Stick to the plan, but be flexible. Saat semua rencana tersusun rapi, sisakan ruang terbuka di ujung jalan. Bukan karena kita tidak percaya kalau rencana tersebut dapat diwujudnyatakan. Justru karena kita sadar bahwa perubahan selalu datang di detik-detik yang tidak kita duga. Pada TechCrunch Distrupt, Gavin mempresentasikan Nucleus tanpa cela. Pied Piper mulai terancam dicap sebagai versi KW-nya Nucleus. Semua anggota tim, kecuali Jared, mulai pasrah dengan kekalahan.
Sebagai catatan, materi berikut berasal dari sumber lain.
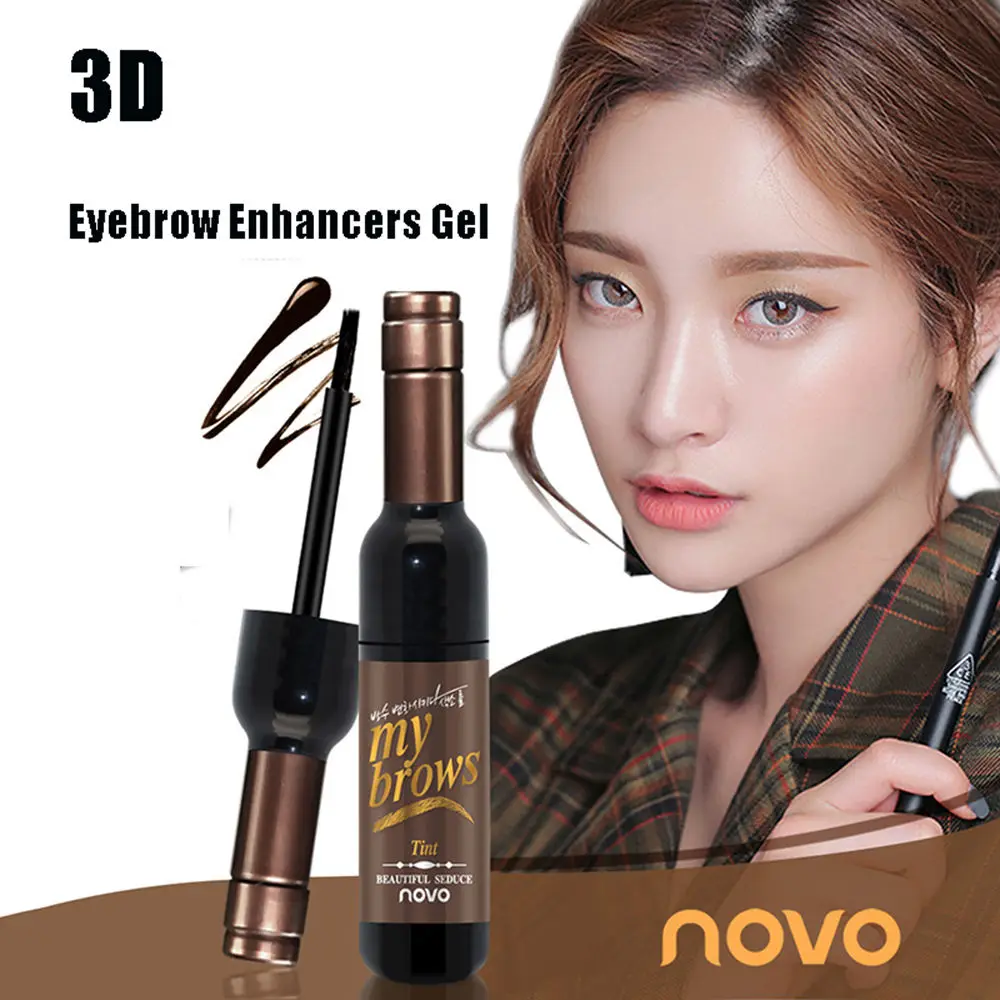 Waterproof Eye Brow Gel Cosmeticos Brown Gray Peel Off Eyebrow Enhancer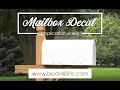 Back40Life Mailbox Decal Application for All Mailbox Types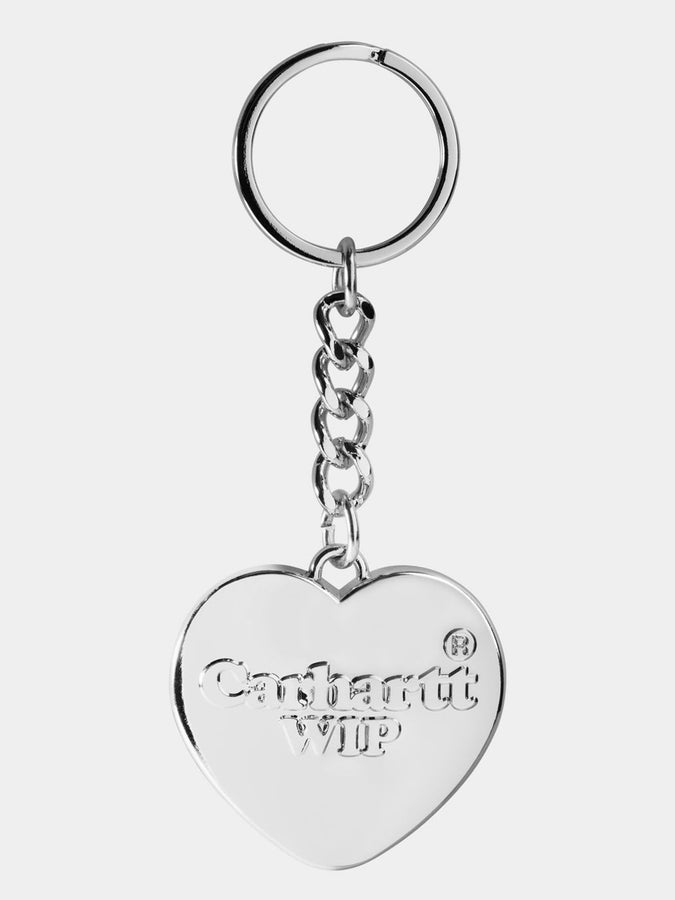 Carhartt Heart Key Chain | SILVER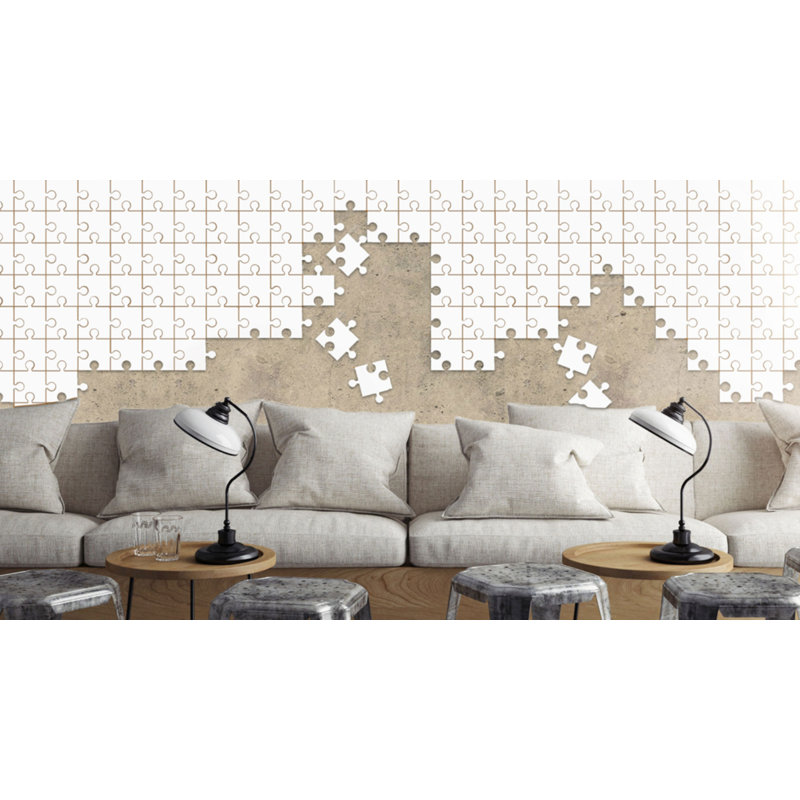 Play Jigsaw 12" x 12" Ceramic Grid Mosaic Tile, Ultra White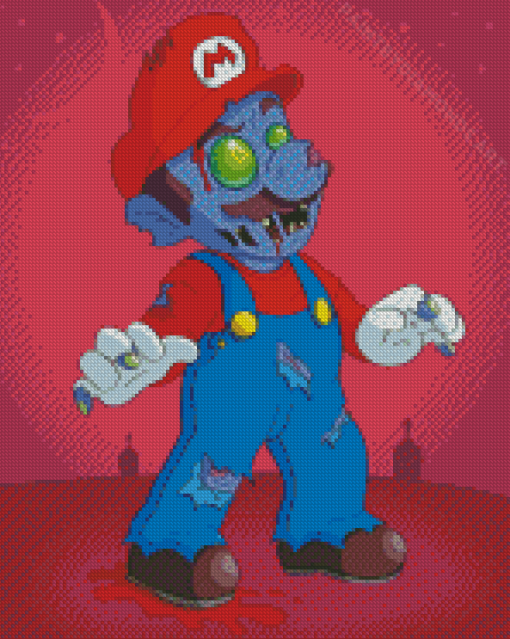 Zombie Mario Diamond Painting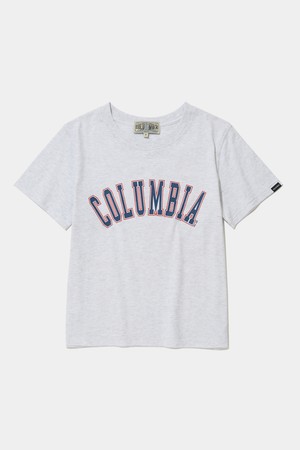 CU ARCH WOMEN SLIM-FIT S/S T-SHIRTS_LIGHT MELANGE GRAY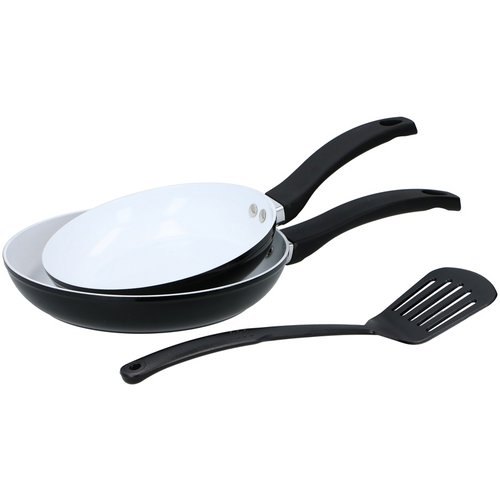 Koekenpannenset - Ø20 en Ø24cm - met spatel Koekenpannenset - Ø20 en Ø24cm - met spatel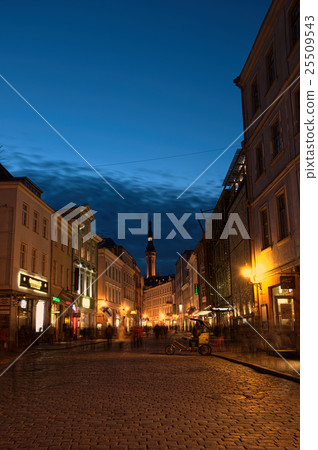 On deserted streets of Tallinn. 25509543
Mereka mengalihkan perhatian mereka dari Pied Piper ke hal-hal ringan seperti menghitung kemungkinan Erlich jerking off seluruh pendatang TCD dalam waktu singkat. Siapa sangka hal-hal ringan yang mereka diskusikan secara serius itu justru jadi ruang terbuka di ujung jalan bagi Richard untuk mengarahkan Pied Piper sebagai ide lain yang lebih brilian daripada Nucleus. They nailed it.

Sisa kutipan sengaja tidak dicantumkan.